La Direttiva è datata 26 febbraio 2014, ma il Parlamento in questi due anni non ha ancora delegato il Governo a procedere con il recepimento.
Dopo 134 anni di esclusiva la SIAE (società italiana degli autori ed editori) dovrà lasciare liberi autori e editori italiani di scegliere una qualsiasi società di gestione dei diritti europea, lasciando che sia la società stessa a decidere in piena autonomia le condizioni di licenza per chi utilizzerà le opere, appartenenti al proprio repertorio, e quelle di ripartizione degli incassi tra i propri iscritti.
Arduo lavoro, specie se non si ha capillarmente, sul territorio, una struttura di controllo e di riscossione ben coordinata, avviata e testata come quella che ha invece la SIAE.

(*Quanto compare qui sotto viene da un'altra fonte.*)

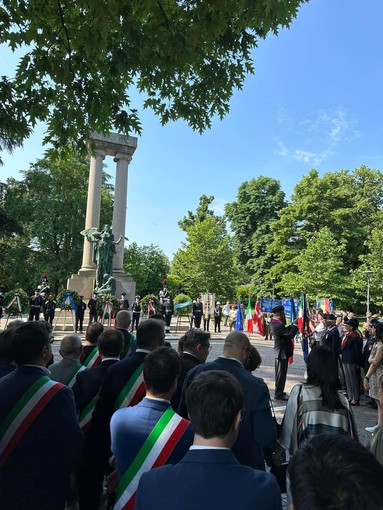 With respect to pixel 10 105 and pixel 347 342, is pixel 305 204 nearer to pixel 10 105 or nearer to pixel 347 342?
pixel 347 342

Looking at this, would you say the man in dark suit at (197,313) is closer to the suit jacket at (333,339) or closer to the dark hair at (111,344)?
the suit jacket at (333,339)

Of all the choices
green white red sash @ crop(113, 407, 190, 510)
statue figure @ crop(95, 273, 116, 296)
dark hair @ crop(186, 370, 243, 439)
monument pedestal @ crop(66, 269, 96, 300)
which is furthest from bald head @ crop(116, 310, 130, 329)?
monument pedestal @ crop(66, 269, 96, 300)

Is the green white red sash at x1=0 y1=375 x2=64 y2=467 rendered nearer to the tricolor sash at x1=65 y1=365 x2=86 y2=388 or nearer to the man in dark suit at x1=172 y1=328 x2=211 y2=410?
the tricolor sash at x1=65 y1=365 x2=86 y2=388

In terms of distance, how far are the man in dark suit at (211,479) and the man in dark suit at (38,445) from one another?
110 cm

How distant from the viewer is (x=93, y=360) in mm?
4371

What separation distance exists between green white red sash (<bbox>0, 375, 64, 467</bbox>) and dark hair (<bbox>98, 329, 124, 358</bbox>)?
1.28 metres

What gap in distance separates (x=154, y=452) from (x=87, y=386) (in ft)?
4.81

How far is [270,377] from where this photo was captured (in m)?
9.83

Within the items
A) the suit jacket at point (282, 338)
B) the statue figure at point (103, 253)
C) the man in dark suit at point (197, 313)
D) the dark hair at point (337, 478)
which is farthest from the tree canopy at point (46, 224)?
the dark hair at point (337, 478)

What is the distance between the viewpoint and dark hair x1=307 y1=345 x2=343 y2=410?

Ora ogni autore italiano potrebbe scegliere liberamente da quale società di gestione dei diritti europea, che stabilire le proprie tariffe, farsi rappresentare, e tale società potrà operare su territorio italiano.
Dovrebbero cambiare anche le regole che determinano il rapporto tra la SIAE e i suoi 80mila iscritti.

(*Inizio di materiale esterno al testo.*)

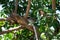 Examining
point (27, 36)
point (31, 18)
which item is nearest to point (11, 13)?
point (31, 18)

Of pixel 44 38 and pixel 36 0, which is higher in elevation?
pixel 36 0

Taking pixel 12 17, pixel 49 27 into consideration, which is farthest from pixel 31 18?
pixel 49 27

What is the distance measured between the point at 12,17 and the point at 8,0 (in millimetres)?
127

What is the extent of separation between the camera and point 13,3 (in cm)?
118

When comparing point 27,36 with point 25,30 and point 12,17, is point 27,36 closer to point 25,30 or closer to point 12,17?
point 25,30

La Direttiva stabilisce infatti che tutte le società di gestione dei diritti hanno l’obbligo di convocare un’assemblea generale – almeno una volta all’anno. Tale assemblea stabilisce le modifiche dello statuto, la distribuzione degli importi dovuti ai titolari, l’uso degli incassi non distribuibili, le politiche d’investimento, e tante altri temi che determinano la gestione della società e i diritti degli iscritti.
La SIAE aveva convocato un’ultima Assemblea con l’elezione di Gino Paoli. Nel 2013. Da allora le decisioni sono state prese da un ristretto numero di persone.
D’ora in poi – a quanto pare – “si cambia musica”.
Gli autori e editori saranno liberi di concedere licenze sull’utilizzo non commerciale delle loro opere, di avvallarsi delle licenze creative – commons – e limitare o revocare il mandato conferito alla società.
Cade anche l’”obbligo” di affidare alla Siae l’intero repertorio.
Chi gestisce la società – Filippo Sugar e chi con lui per la SIAE – dovrà trasmettere all’Assemblea (quindi anche agli 80mila iscritti tra autori e editori) una dichiarazione contenente gli importi ricevuti, come titolare dei diritti, i compensi ricevuti, e il riferimento a qualsiasi ipotetico e reale conflitto d’interessi.
Dunque si dovrebbe cambiare senza, però, nessuna norma nazionale che identifichi il cambiamento.
A questo punto delle domande sorgono spontanee:
-Sarà davvero la “risposta” affinché autori e editori possano trovare il giusto posto al centro di quel mercato?
-E senza il controllo centrale e capillare di un unico organismo come la SIAE potranno tutte le società, che nasceranno come funghi, garantire davvero il controllo e soprattutto la riscossione dei diritti?